*MATERIAL PROVIDED*:
────────────────────────────────────────
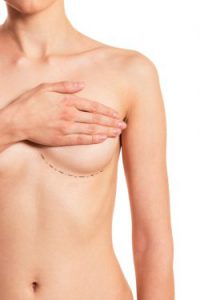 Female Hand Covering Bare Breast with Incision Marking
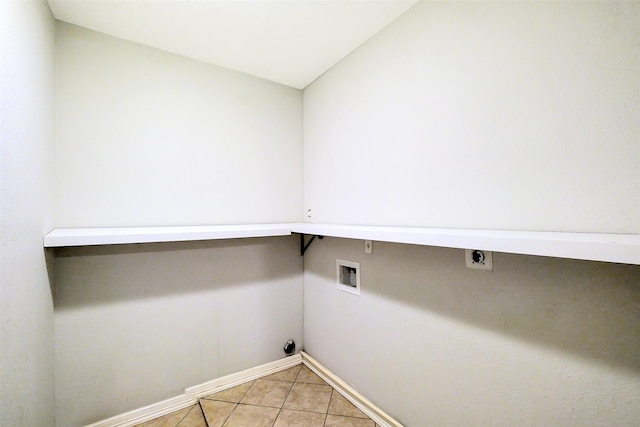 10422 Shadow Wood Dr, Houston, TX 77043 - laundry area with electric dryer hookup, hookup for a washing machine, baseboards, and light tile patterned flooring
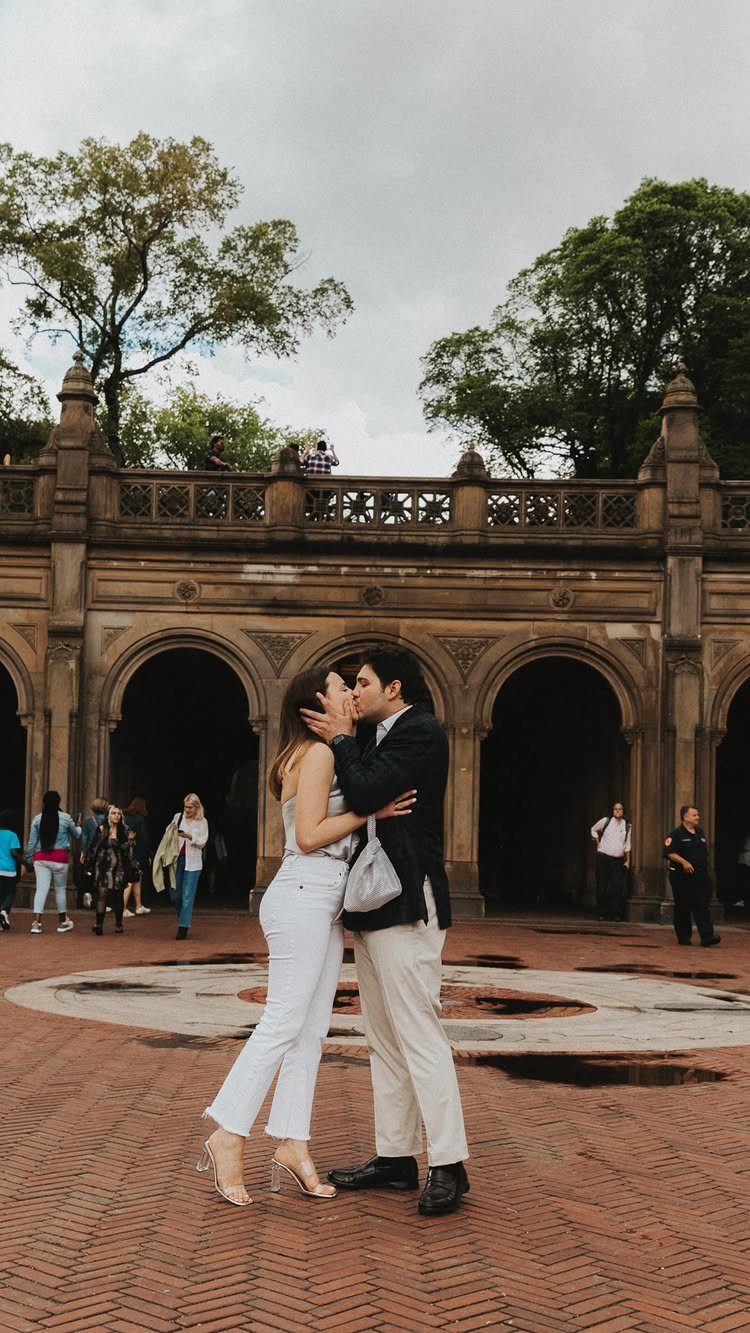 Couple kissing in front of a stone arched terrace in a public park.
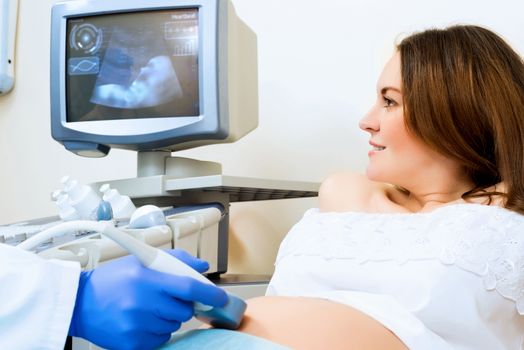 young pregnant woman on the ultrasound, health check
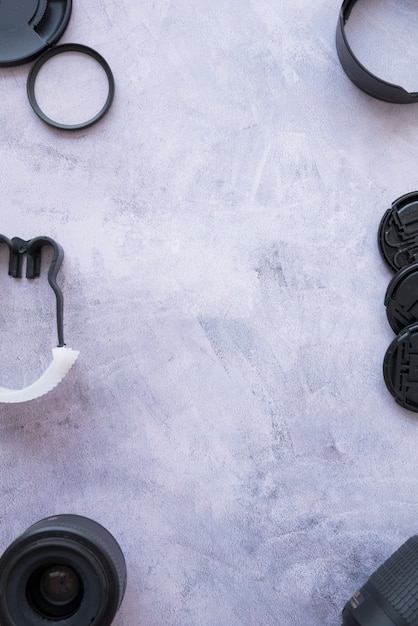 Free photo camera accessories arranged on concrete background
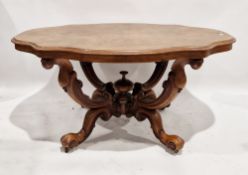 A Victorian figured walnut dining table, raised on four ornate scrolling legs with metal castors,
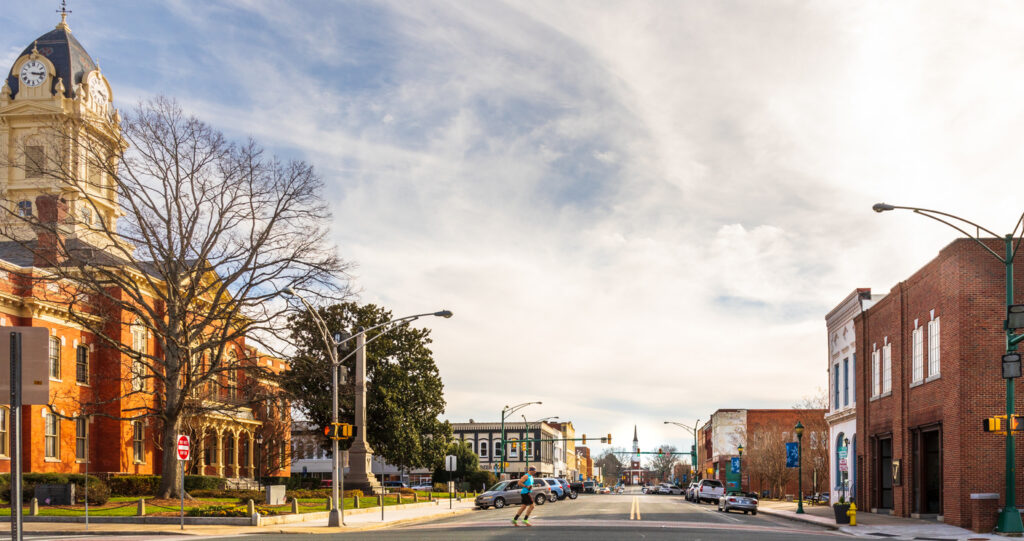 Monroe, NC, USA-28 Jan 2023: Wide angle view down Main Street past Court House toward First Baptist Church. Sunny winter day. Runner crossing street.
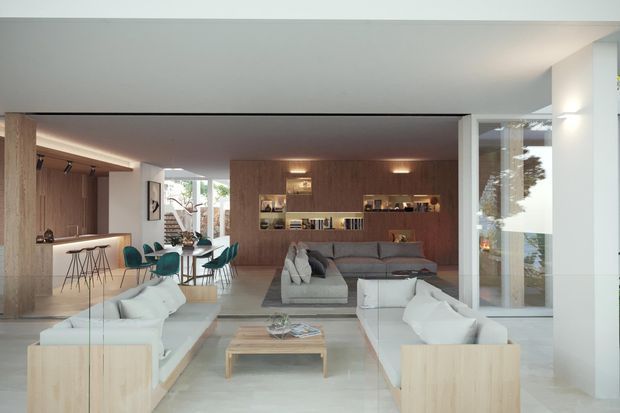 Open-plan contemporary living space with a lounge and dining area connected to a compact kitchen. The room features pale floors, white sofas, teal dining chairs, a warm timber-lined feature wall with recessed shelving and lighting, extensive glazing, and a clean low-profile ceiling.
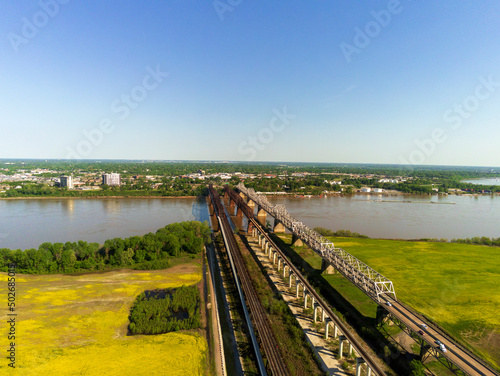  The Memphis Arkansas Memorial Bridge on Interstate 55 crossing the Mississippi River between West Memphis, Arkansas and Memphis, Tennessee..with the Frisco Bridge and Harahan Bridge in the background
────────────────────────────────────────
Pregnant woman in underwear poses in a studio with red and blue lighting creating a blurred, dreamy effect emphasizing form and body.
────────────────────────────────────────
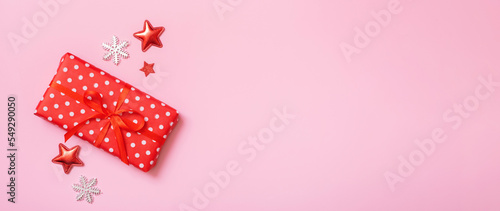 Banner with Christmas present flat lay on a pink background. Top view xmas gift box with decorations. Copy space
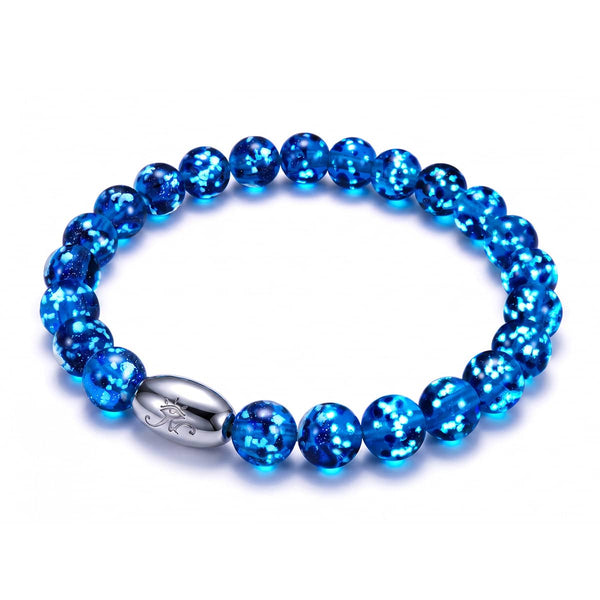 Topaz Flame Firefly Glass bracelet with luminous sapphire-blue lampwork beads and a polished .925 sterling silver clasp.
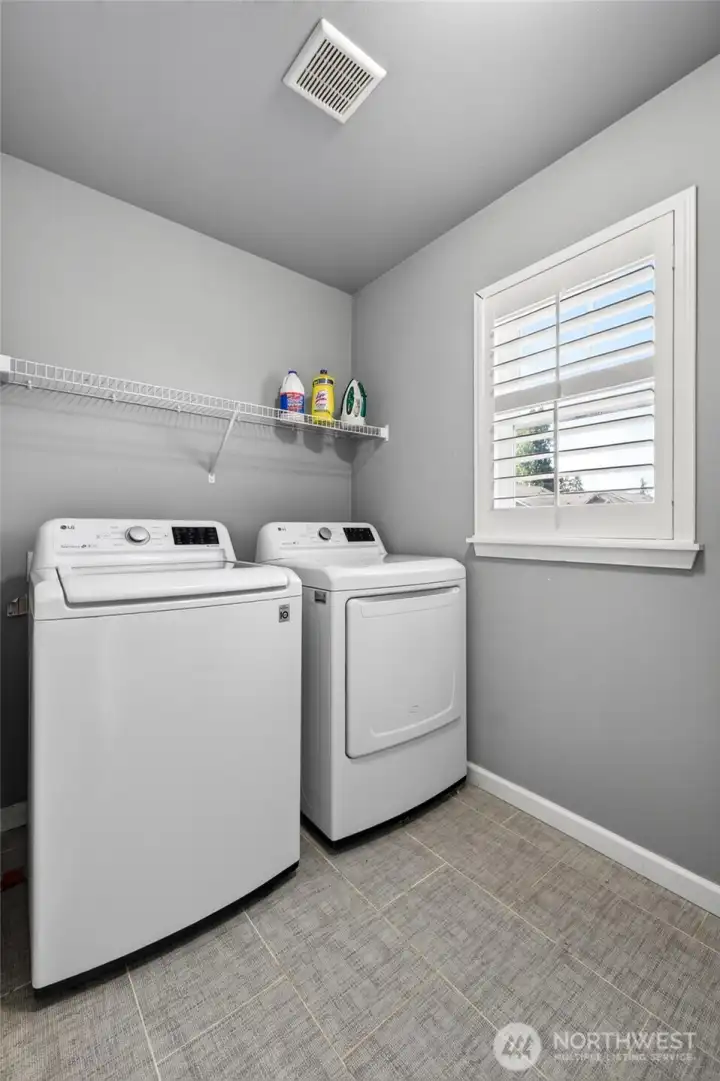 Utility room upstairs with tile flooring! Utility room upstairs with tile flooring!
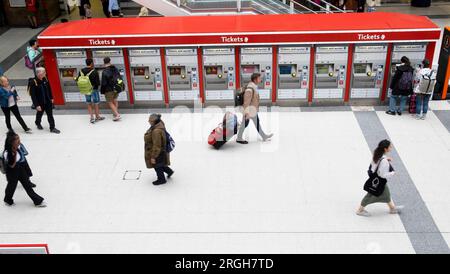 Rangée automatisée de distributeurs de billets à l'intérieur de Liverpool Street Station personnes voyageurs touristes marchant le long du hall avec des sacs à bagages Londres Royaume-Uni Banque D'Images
────────────────────────────────────────
*WHAT YOU HAVE TO DO*:
Copy out exactly the material that runs from the line with "Utility room upstairs with tile flooring! Utility" to the line with "Rangée automatisée de", ends included, and leave the pictures behind.

*SOLVED EXERCISE*:
 Utility room upstairs with tile flooring! Utility room upstairs with tile flooring!
 Rangée automatisée de distributeurs de billets à l'intérieur de Liverpool Street Station personnes voyageurs touristes marchant le long du hall avec des sacs à bagages Londres Royaume-Uni Banque D'Images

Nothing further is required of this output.